According to the Registration Statement, investors and market professionals will be able, through out the trading day, to compare the market price of USSO and the Indicative Partnership Value ("IPV"), as discussed below. If the market price of USSO Units diverges significantly from the IPV, market professionals will have an incentive to execute arbitrage trades. Such arbitrage trades can tighten the tracking between the market price of USSO and the IPV and thus can be beneficial to all market participants. In addition, quotation and last-sale information regarding the Units will be disseminated through the facilities of the Consolidated Tape Association.

Dissemination and Availability of Information

Underlying Spot Price and Price of Futures Contracts. The spot price of light, sweet crude oil delivered to Cushing, Oklahoma, and the applicable Futures Contracts are the underlying benchmark investment, commodity or asset, as applicable, for purposes of NYSE Arca Equities Rule 8.300(d)(2)(ii).13

Footnotes:

13 NYSE Arca Equities Rule 8.300(d)(2)(ii) provides that NYSE Arca Equities will consider removing from listing Partnership Units if the value of the underlying benchmark investment, commodity or asset is no longer calculated or available on at a least a 15-second delayed basis or NYSE Arca Equities stops providing a hyperlink on its Web site to any such investment, commodity or asset value.

The NYMEX disseminates price information on the Futures Contracts traded on the NYMEX on a real-time basis during normal trading hours on the NYMEX from 10 a.m. E.T. to 2:30 p.m. E.T.

Portfolio Disclosure. USSO's total portfolio composition will be disclosed each business day that the NYSE Arca is open for trading on USSO's Web site at http://www.unitedstatesshortoilfund.com. The Web site disclosure of portfolio holdings will be made daily and will include, as applicable, the name and value of each Crude Oil Interest, the specific types of Other Crude Oil-Related Investments and characteristics of such Other Crude Oil-Related Investments, Treasuries, and the amount of cash and cash equivalents held in USSO's portfolio. USSO's Web site is publicly accessible at no charge.

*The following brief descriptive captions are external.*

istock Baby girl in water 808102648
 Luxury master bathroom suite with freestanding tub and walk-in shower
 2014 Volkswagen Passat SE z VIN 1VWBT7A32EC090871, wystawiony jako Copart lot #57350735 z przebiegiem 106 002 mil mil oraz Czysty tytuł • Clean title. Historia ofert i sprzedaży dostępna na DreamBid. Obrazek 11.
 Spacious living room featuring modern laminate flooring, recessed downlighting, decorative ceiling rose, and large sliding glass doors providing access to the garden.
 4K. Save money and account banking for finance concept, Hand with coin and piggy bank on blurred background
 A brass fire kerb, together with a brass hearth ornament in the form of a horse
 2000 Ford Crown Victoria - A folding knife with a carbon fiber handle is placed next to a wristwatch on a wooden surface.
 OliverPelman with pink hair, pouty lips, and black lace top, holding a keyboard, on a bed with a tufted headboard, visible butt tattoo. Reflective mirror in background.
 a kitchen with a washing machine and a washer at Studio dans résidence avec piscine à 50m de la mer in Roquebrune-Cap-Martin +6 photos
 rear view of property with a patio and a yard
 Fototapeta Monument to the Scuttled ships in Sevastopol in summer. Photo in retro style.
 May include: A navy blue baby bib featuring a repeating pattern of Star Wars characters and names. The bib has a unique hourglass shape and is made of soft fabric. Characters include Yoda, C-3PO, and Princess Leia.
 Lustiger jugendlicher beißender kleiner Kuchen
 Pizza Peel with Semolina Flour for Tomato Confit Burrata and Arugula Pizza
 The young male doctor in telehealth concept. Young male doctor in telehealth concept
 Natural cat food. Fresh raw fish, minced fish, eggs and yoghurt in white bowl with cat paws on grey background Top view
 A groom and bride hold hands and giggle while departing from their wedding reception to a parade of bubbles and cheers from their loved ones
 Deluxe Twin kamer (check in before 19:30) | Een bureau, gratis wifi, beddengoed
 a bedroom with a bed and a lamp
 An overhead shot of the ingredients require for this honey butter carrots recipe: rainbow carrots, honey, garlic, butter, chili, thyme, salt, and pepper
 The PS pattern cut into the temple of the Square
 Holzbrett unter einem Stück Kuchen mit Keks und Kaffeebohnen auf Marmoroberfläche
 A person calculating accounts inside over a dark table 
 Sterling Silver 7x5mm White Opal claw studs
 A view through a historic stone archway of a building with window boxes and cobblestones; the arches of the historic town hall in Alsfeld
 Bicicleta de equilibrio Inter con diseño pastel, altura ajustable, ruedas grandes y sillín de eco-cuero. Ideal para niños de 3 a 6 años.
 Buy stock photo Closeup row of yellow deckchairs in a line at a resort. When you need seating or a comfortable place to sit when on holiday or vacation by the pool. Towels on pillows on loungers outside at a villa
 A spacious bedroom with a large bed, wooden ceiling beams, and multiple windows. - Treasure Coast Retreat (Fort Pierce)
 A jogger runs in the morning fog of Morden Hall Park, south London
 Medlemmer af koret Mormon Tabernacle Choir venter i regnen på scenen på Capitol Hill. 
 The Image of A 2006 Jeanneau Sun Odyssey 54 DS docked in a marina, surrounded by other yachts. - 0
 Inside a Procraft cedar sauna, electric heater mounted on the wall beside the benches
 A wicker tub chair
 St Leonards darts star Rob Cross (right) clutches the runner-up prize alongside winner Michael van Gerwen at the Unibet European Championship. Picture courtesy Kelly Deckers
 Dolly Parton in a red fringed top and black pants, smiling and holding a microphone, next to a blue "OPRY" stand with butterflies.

Indicative Partnership Value. In order to provide updated information relating to USSO for use by investors and market professionals, NYSE Arca will calculate and disseminate during the trading day an updated IPV, as described below. The IPV will be calculated by using the prior day's closing NAV per Unit of USSO as a base and updating that value throughout the trading day to reflect changes in the most recently reported trade price for the active Futures Contract on NYMEX. The prices reported for the active Futures Contract month will be adjusted based on the prior day's spread differential between settlement values for that contract and the spot month contract. In the event that the spot month contract is also the active contract, the last sale price for the active contract will not be adjusted. The IPV disseminated during the NYSE Arca Core Trading Session should not be viewed as an actual real time update of the NAV, because NAV is calculated only once at the end of each trading day.

The IPV will be disseminated on a per Unit basis every 15 seconds during the Core Trading Session of NYSE Arca from 9:30 a.m. E.T. to 4 p.m. E.T. The normal trading hours of NYMEX are 10 a.m. E.T. to 2:30 p.m. E.T. This means that there will be a gap in time at the beginning and the end of each day during which USSO Units will be traded on the NYSE Arca, but real-time NYMEX trading prices for futures contracts traded on the NYMEX will not be available. As a result, during those gaps there will be no update to the IPV. The IPV will not be updated during the Exchange's Opening Trading Session from 4 a.m. to 9:30 a.m., during that part of the Exchange's Core Trading Session when NYMEX is not normally open for trading (specifically, 9:30 a.m. to 10 a.m. E.T. and 2:30 p.m. to 4 p.m. E.T.), and during the Late Trading Session from 4 p.m. to 8 p.m. E.T.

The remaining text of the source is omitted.